FreeBSD While Travelling


While writing this I'm currently in Okinawa Japan. For anyone who doesn't know Okinawa is a small Island on the southernmost of the Ryukyu Archipelago, and it's roughly halfway been Japan, Taiwan and mainland China.

Last time I was here I had my MacBook Pro which performed fine, however being the 16" model is a bit on the heavy side when walking around the city.

This time I decided to take my trusty Thinkpad P1 that's presently running FreeBSD Current (15.0). This is a 15.6" laptop and since it's carbon fibre is noticeably lighter than the MacBook. The downside of this is it's battery life is no where near as good as the MacBook.

One of the issues I was mainly concerned about is connecting to WiFi. At this time I'm running the new WiFi 4/5 code which is at a beta level at present. I did have some ups and down with the Hong Kong airport while transfering to the next flight. It did depend on where in the airport you were though.

My experience so far has been acceptable. I have been able to connect to the Hotel WiFi perfectly fine and my VPN works, though for some reason I cannot send emails when connected to the Hotel WiFi. Starbucks on the other hand isn't playing nicely with my VPN, so I'm tethering to my iPhone. This is getting data though an eSim. I'm pleasantly surprised at how well this is working. For some reason OpenVPN is not updating /etc/resolve.conf so I'll have to work out why, but that can probably wait until I get home.
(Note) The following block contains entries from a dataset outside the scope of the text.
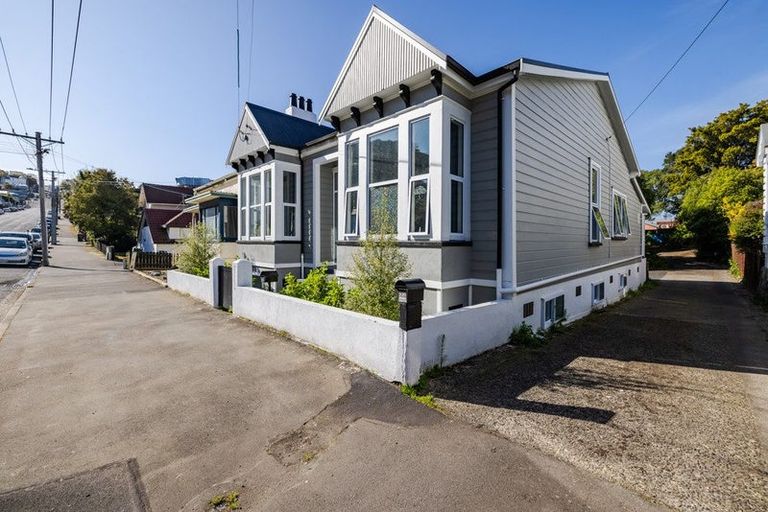 Photo of property in 52 Maitland Street, Dunedin Central, Dunedin, 9016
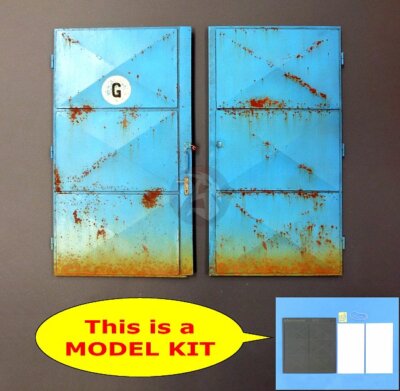 Plus Model 1/35 Large Metal Industrial Workshop / Garage Doors (1 pair) 503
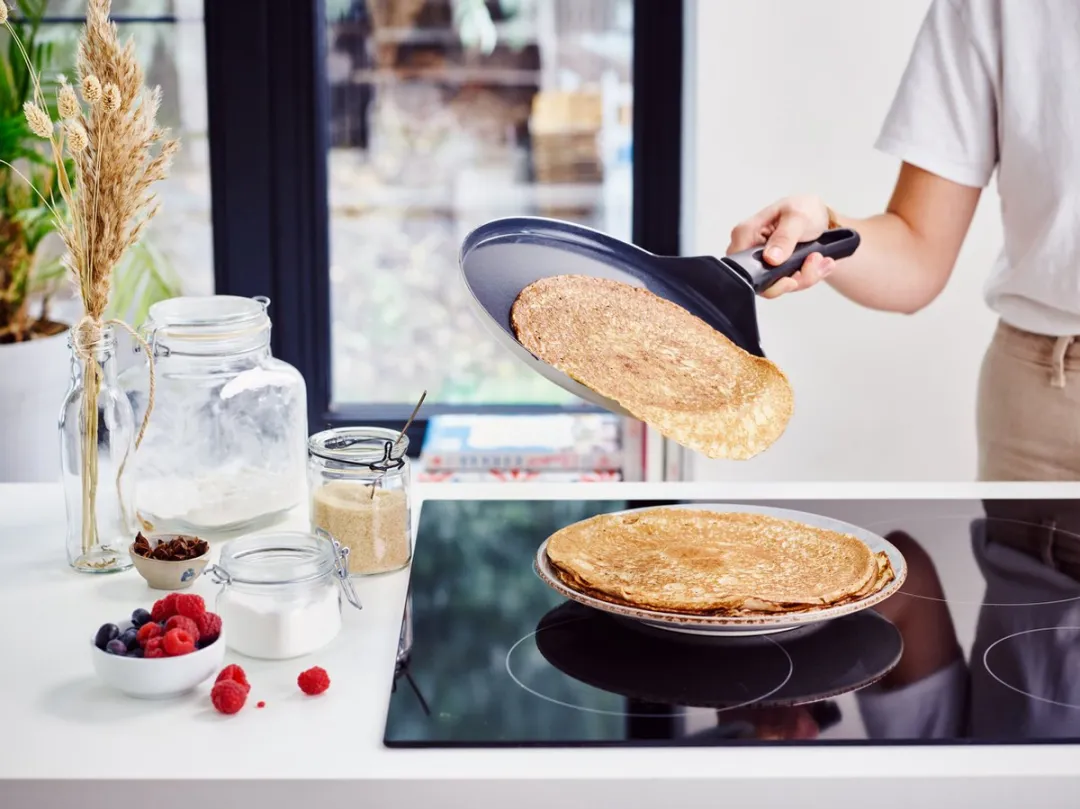 Brabantia INDU+ Pannenkoekenpan 24cm - Grijs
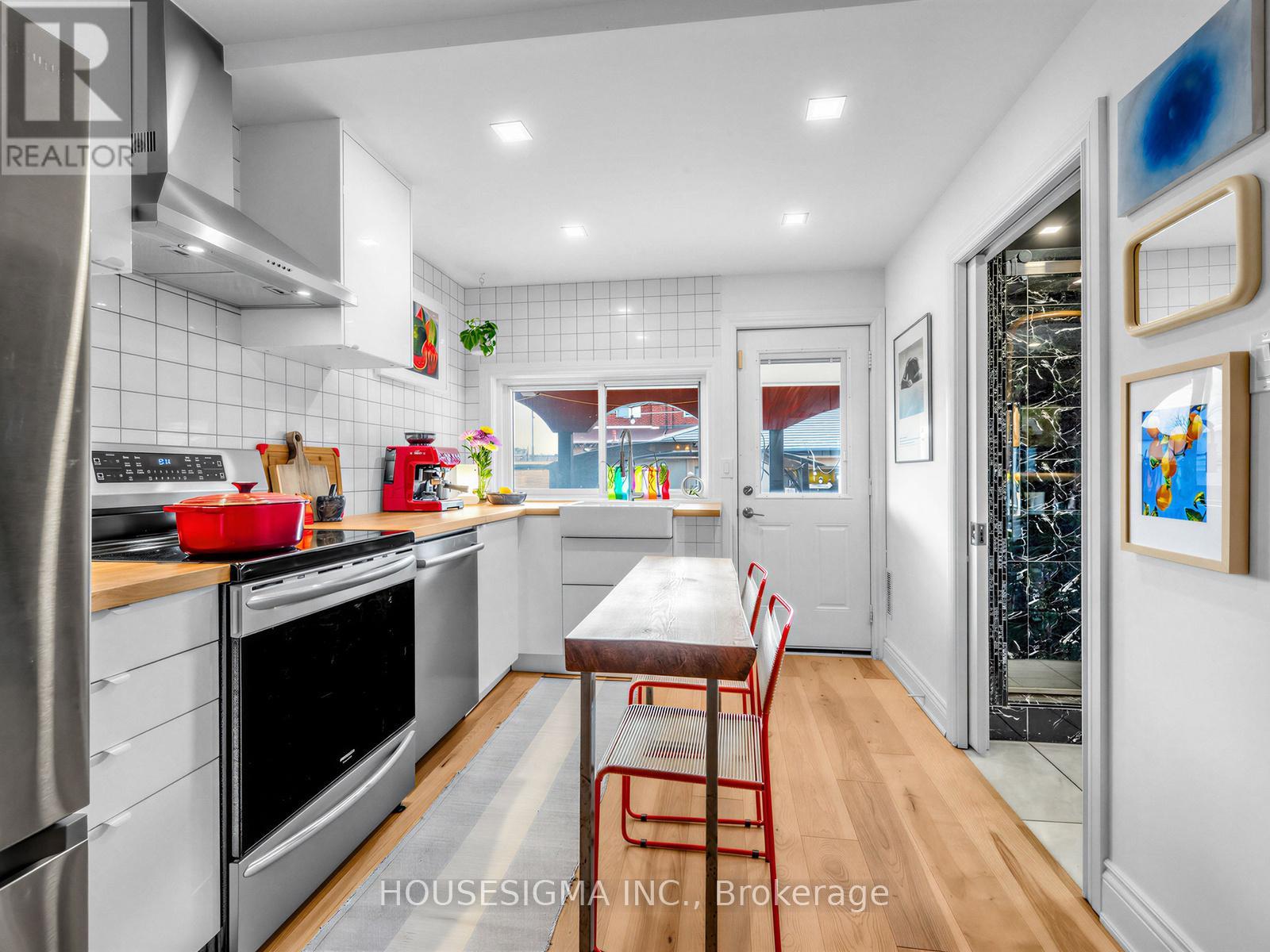 75 Henrietta Street, Toronto, Ontario  M6N 1S5 - Photo 11 - W12979312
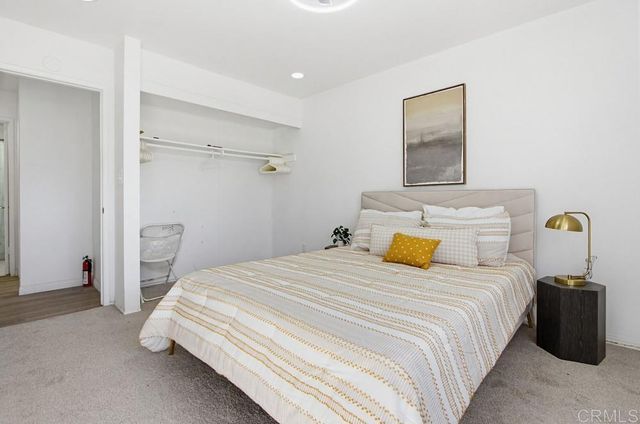 9462 Doheny Rd., Santee, CA 92071
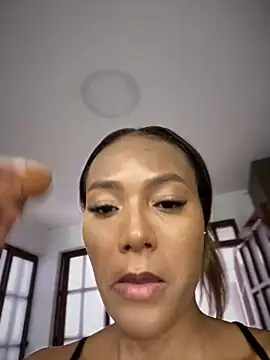 Snapshot of KyaraMiller chatting on December 2024 06:59:01 PM KyaraMiller online show from December 2024 06:59:01 PM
While mostly it was a pleasant experience I did have an interesting failure. I was sitting at a Cafe and trying to look things up when I decided to jump onto the nearest public WiFi. This was mainly due to my phone getting low on battery. Unfortunately that caused the system to freeze and it continued to freeze at each boot when starting up networking. I tried several times to sort it out in Safe mode however the easiest solutions was to re-enable tethering on my phone, reboot and remove the entry for the free WiFi. That seemed to resolve the issue.